Many years ago, the Greens in Malta had proposed a specific target for Gozo’s Regional Development Strategy: Gozo as an eco-island. Government’s proposals are possibly slowly inching in that direction. It could do much better if it specifies this objective clearly and in more detail, instead of going round in circles. This would necessarily mean having long-term behavioural change as a strategic objective, embedded in the Gozo document.

The proposed strategy speaks on the objective of a sustainable urban environment. Yet, the 2021 census report on residential property, just published, indicates that Gozo is the region with the highest proportion of vacant/under-used residential property in the Maltese islands. It is currently quantified at 45 per cent of the Gozitan housing stock. By no stretch of the imagination can this be classified as “sustainable”. 

It is a tough nut to crack overdevelopment, which has been left to its own jungle rules for so long. A moratorium on large-scale development is an essential prerequisite as a first step to bring our house in order. This is an objective which I have been speaking on for ages. Its applicability should not be restricted to the Gozitan mainland.

The strategy rightly speaks on carbon neutrality and suggests that this could be achieved in Gozo much earlier than its attainment on the Maltese mainland. The generation of more renewable energy is one of the contributing elements to achieving this goal.

Another important measure is that of addressing the use of private cars. Applying a sustainable transport policy is crucial in this respect.

A moratorium on large-scale development is an essential prerequisite as a first step to bring our house in order- Carmel Cacopardo

The strategy indicates that second thoughts on the undersea tunnel are possibly in the pipeline. This would potentially reduce a substantial number of cars from Gozitan roads.

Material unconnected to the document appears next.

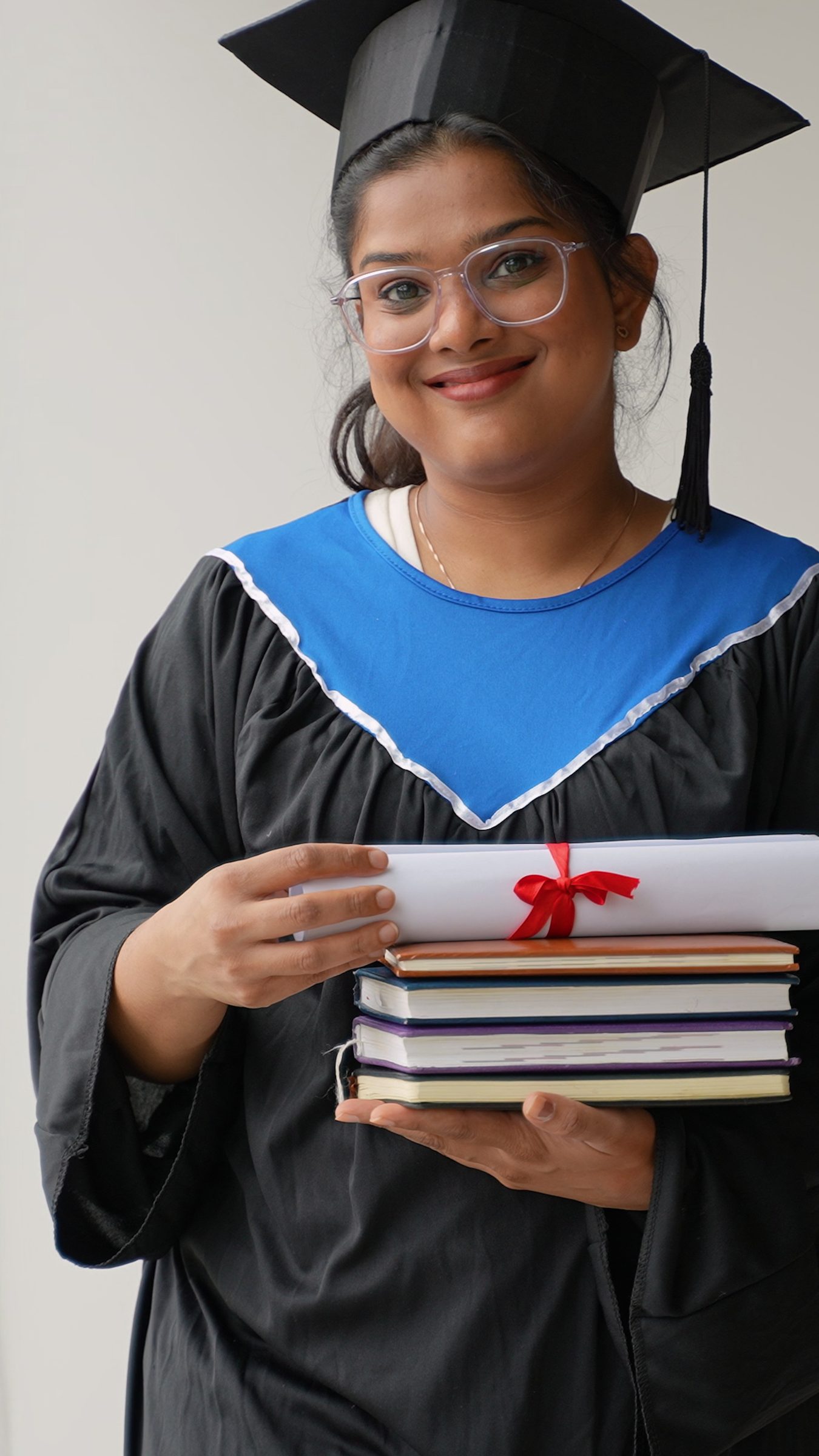 A diploma being held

It is pertinent to remember that the Gordon Cordina’s “feasibility study” on the Gozo tunnel had opined that car movements between the islands had to treble from 3,000 to 9,000 daily in order to ensure economic feasibility of the projected tunnel. 

If this issue is settled by shelving the tunnel project, the number of cars on the road would still need to be addressed forcefully to inch our way towards carbon neutrality.

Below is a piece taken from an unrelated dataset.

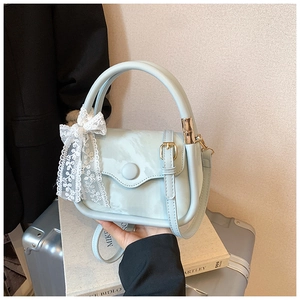 Detail of light blue crossbody bag with silk texture, lace bow, and gold hardware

Small distances between localities in Gozo would be an encouragement to use public transport if this were more efficient: both punctual and frequent. The benefits resulting through such a transport modal shift would be substantial.

Transport electrification will not do much to achieve carbon neutrality. While contributing to a better air quality in our streets it would, however, add substantially to the daily consumption of electricity and make it much more difficult to achieve carbon neutrality. Hence, the need for a modal shift.

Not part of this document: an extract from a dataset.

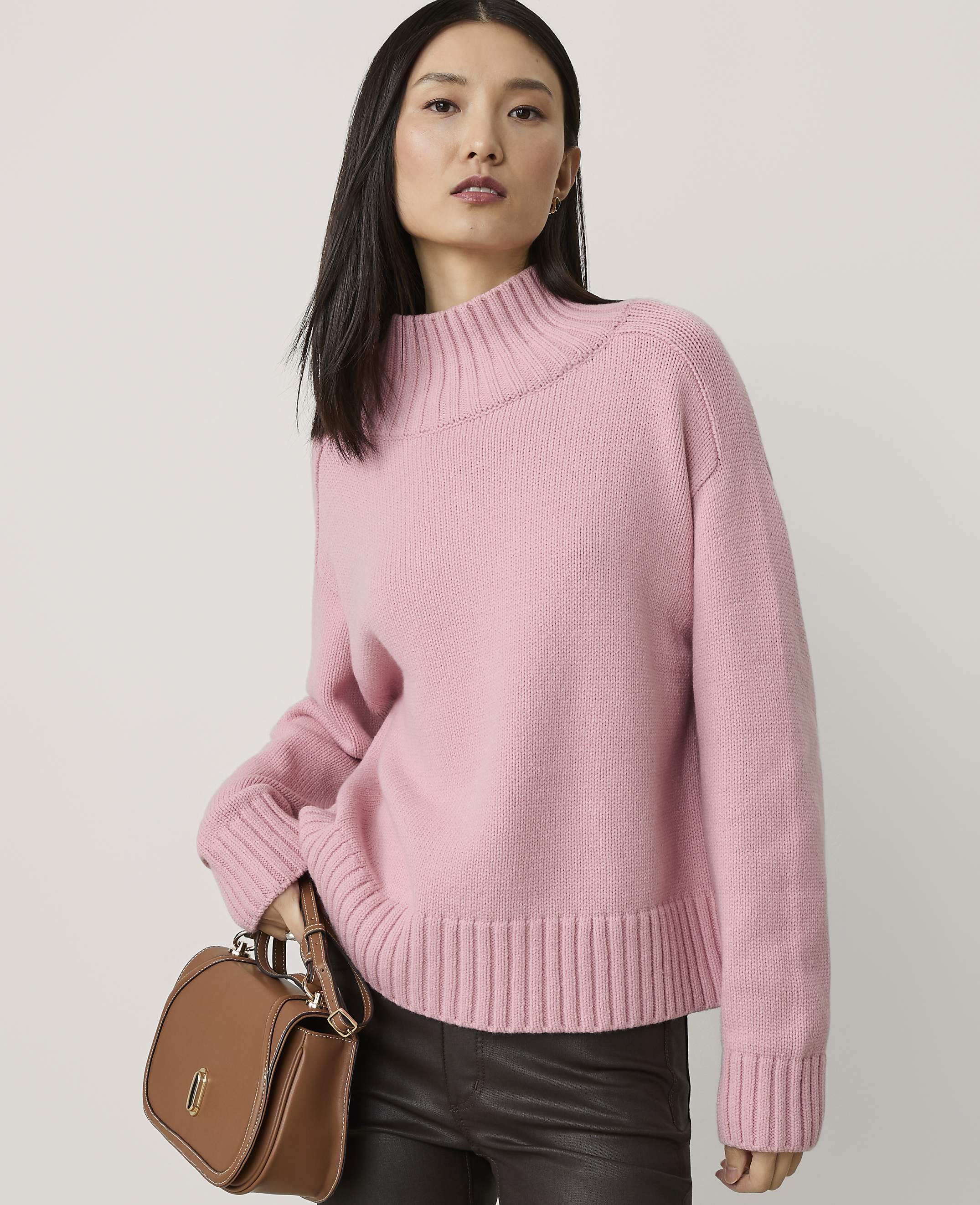 A woman in a pink sweater and dark pants holds a brown purse in front of a plain background.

There is also the issue of restricting car movements between the islands which the strategy ignores. Applying the polluter pays principle, an integral part of Maltese environmental law, one could consider the introduction of a congestion charge for private cars crossing over from Malta to Gozo.

This could work wonders to achieving a better air quality. It would also free Gozitan streets from a continuous vehicular invasion.

Small is really beautiful. Let us translate this reality into a better quality of life for all. The draft Gozo Regional Development strategy document is an opportunity which, if properly managed, can lead in this direction. 

Carmel Cacopardo is an architect and civil engineer and a former chairperson of ADPD-The Green Party in Malta.